WHAT TO DO:
Every line of the material is to be set down exactly as written.

SUPPLIED MATERIAL:

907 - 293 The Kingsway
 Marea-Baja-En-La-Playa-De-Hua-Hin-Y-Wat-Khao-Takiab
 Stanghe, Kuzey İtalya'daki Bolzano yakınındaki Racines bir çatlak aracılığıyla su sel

ANSWER TO THE PROBLEM:
907 - 293 The Kingsway
 Marea-Baja-En-La-Playa-De-Hua-Hin-Y-Wat-Khao-Takiab
 Stanghe, Kuzey İtalya'daki Bolzano yakınındaki Racines bir çatlak aracılığıyla su sel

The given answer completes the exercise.